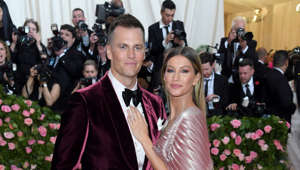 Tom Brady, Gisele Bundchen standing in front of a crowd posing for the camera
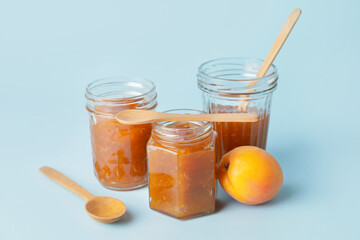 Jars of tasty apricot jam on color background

---

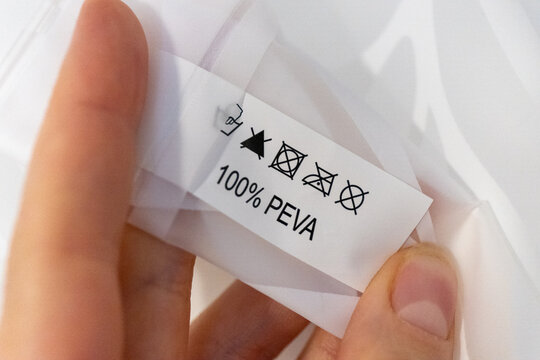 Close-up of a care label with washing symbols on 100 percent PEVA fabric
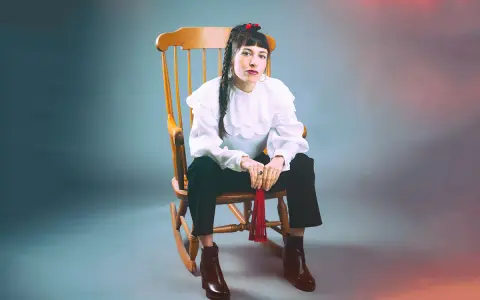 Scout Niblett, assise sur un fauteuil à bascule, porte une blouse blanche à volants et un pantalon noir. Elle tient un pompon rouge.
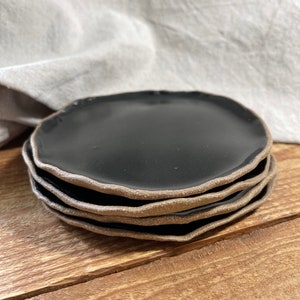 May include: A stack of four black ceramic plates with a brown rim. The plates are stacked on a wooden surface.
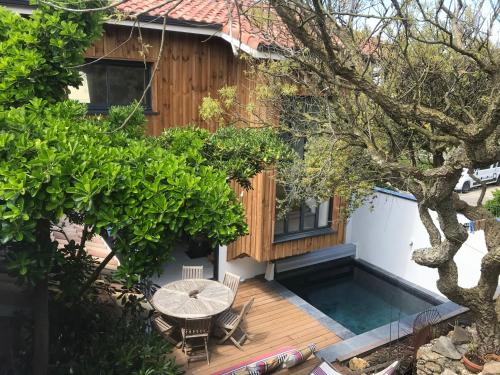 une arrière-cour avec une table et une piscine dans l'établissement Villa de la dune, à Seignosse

_TASK STATEMENT:_
Output exactly the lines above, beginning at the one with "May include: A" and stopping after the one with "une arrière-cour avec". Pictures are to be omitted.

_SOLUTION:_
 May include: A stack of four black ceramic plates with a brown rim. The plates are stacked on a wooden surface.
 une arrière-cour avec une table et une piscine dans l'établissement Villa de la dune, à Seignosse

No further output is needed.